Ishizaka S, Yoshikawa M, Tsujii T
Third Department of Internal Medicine, Nara Medical University, Japan.
Cell Immunol. 1992 Jan;139(1):239-47. doi: 10.1016/0008-8749(92)90116-7.
It is well known that transforming growth factor-beta (TGF-beta) strikingly inhibits numerous immune functions in short-term cultures. In this study we investigated the effects of TGF-beta on the immune responses of murine spleen cells in a prolonged period of culture. The addition of exogenous TGF-beta (0.1 ng/ml) inhibited the proliferation of Con A- or LPS-stimulated spleen cells, polyclonal IgM and IgG antibody production, and NK cell activity during 4 days of the initial culture and subsequently enhanced their responses on Day 10. The augmented polyclonal IgM and IgG responses in murine spleen cells induced by LPS and TGF-beta on Day 10 were suppressed by the secondary addition of TGF-beta on Day 6. These results suggest that TGF-beta acts as an immunoregulator in prolonged period responses by immunoactivators.

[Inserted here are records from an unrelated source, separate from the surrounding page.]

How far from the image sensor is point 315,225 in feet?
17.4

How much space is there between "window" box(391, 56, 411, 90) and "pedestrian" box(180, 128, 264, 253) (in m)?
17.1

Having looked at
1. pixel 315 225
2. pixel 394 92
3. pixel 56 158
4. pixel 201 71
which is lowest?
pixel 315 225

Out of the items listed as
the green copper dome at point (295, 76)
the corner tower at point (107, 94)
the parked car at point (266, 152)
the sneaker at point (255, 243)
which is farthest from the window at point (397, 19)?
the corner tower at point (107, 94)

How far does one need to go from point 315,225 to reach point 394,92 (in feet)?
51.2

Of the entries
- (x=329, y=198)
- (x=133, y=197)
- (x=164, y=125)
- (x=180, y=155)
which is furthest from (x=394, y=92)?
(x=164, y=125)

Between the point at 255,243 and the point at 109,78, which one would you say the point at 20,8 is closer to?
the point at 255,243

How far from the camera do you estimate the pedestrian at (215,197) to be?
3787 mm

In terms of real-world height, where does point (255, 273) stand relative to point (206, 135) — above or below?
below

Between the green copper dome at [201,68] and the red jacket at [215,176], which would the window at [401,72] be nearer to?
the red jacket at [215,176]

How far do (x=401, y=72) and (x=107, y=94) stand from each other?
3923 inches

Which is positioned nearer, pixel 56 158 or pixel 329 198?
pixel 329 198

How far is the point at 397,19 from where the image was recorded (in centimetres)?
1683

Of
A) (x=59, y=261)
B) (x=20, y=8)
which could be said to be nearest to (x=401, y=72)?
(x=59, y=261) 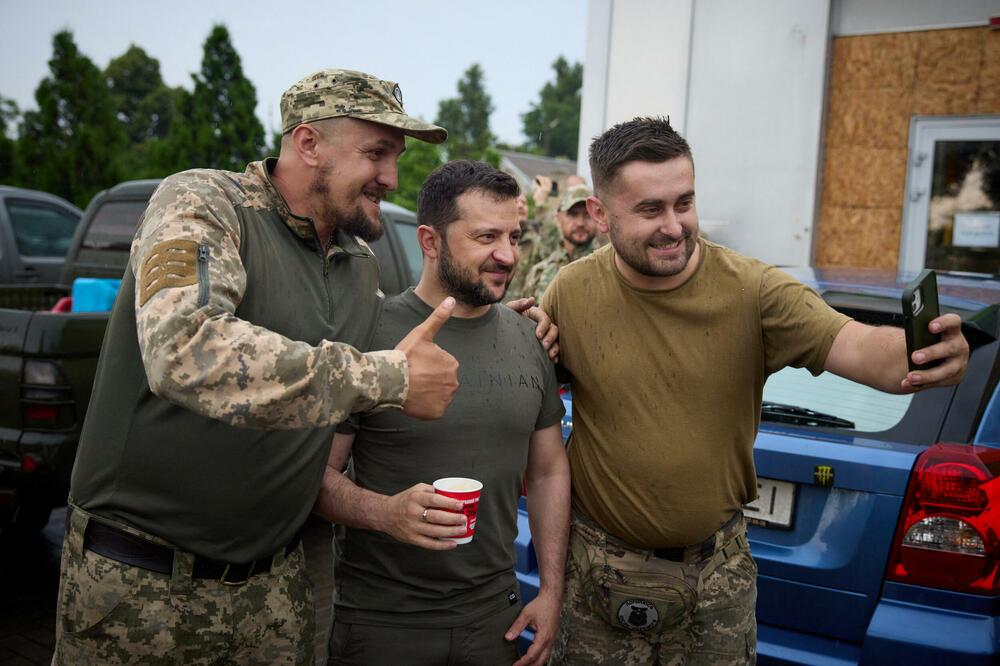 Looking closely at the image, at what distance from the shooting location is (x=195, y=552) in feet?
6.42

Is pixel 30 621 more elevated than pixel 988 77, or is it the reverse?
pixel 988 77

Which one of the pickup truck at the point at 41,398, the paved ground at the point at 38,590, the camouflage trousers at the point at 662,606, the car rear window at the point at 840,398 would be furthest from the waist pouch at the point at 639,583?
the pickup truck at the point at 41,398

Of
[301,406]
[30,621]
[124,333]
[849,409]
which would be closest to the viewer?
[301,406]

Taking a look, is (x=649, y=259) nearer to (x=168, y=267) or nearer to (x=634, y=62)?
(x=168, y=267)

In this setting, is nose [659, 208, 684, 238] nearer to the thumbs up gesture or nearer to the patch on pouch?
the thumbs up gesture

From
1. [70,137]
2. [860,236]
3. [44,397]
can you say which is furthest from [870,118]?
[70,137]

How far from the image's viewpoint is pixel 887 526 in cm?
247

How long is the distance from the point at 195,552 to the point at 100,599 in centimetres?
24

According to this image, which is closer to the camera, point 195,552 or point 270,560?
point 195,552

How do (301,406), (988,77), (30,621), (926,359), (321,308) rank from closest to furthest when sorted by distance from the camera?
(301,406)
(926,359)
(321,308)
(30,621)
(988,77)

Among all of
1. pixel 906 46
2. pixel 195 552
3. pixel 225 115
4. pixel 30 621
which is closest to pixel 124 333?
pixel 195 552

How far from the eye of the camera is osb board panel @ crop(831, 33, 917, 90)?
798cm

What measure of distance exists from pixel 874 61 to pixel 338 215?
781 centimetres

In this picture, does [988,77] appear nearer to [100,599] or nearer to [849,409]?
[849,409] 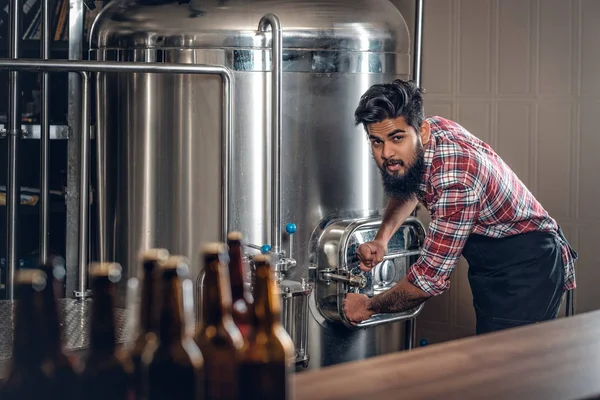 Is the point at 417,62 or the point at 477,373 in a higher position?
the point at 417,62

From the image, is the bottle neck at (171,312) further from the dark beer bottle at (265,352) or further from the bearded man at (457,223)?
the bearded man at (457,223)

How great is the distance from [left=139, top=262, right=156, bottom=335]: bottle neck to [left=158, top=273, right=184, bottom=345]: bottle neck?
1 cm

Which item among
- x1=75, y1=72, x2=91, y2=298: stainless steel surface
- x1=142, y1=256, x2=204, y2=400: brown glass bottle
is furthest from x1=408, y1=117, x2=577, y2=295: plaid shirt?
x1=142, y1=256, x2=204, y2=400: brown glass bottle

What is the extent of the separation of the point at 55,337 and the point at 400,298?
5.49 feet

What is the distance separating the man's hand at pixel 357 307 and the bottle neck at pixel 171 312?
5.55ft

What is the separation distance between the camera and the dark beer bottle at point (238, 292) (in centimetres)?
102

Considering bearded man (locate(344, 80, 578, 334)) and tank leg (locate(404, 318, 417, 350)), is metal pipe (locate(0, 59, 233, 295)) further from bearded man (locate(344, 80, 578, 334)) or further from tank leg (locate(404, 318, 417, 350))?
tank leg (locate(404, 318, 417, 350))

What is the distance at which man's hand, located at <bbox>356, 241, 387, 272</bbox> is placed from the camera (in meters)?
2.73

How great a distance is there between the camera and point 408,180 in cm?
254

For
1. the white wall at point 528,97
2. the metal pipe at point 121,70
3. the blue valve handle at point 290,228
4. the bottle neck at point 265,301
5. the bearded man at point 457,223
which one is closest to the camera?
the bottle neck at point 265,301

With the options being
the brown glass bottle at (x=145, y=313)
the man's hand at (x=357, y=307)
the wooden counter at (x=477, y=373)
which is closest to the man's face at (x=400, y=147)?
the man's hand at (x=357, y=307)

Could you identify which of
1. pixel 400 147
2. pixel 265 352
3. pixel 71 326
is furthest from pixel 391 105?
pixel 265 352

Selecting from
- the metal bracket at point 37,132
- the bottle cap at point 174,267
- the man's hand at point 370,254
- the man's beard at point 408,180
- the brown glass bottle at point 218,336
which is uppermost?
the metal bracket at point 37,132

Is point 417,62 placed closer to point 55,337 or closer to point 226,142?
point 226,142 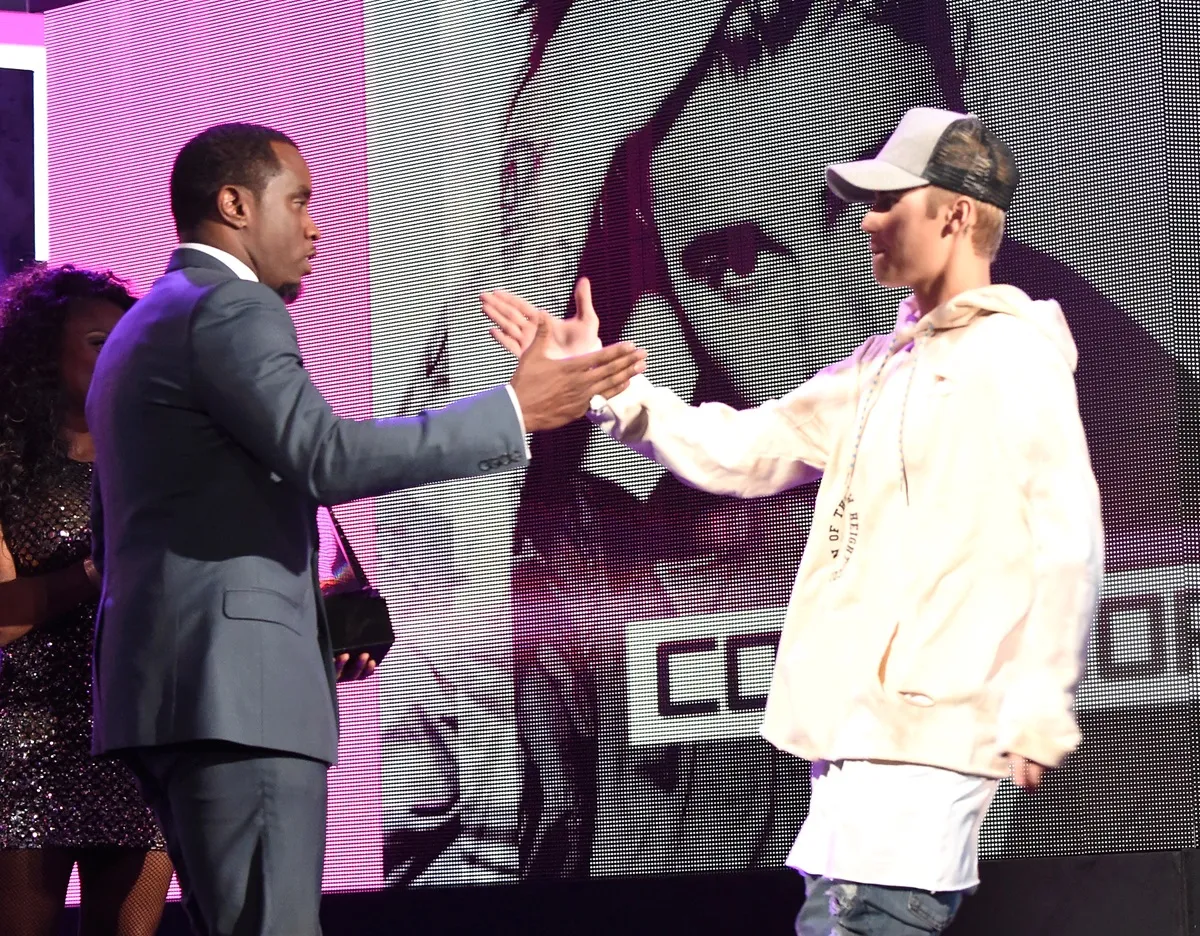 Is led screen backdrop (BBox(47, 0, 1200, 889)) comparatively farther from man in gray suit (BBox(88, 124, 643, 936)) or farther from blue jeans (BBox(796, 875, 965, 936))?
man in gray suit (BBox(88, 124, 643, 936))

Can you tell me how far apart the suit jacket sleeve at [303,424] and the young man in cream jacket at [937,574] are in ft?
1.78

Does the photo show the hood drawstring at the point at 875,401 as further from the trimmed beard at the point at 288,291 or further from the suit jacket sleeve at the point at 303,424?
the trimmed beard at the point at 288,291

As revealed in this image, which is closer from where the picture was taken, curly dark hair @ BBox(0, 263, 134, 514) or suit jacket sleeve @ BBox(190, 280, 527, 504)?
suit jacket sleeve @ BBox(190, 280, 527, 504)

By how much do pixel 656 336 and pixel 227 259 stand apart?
163cm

众所周知,转化生长因子-β(TGF-β)在短期培养中能显著抑制多种免疫功能。在本研究中,我们调查了TGF-β在延长培养期对小鼠脾细胞免疫反应的影响。添加外源性TGF-β(0.1 ng/ml)在初始培养的4天内抑制了伴刀豆球蛋白A或脂多糖刺激的脾细胞增殖、多克隆IgM和IgG抗体产生以及NK细胞活性,随后在第10天增强了它们的反应。在第10天由脂多糖和TGF-β诱导的小鼠脾细胞中增强的多克隆IgM和IgG反应,在第6天再次添加TGF-β后受到抑制。这些结果表明,TGF-β在免疫激活剂的长期反应中作为一种免疫调节剂发挥作用。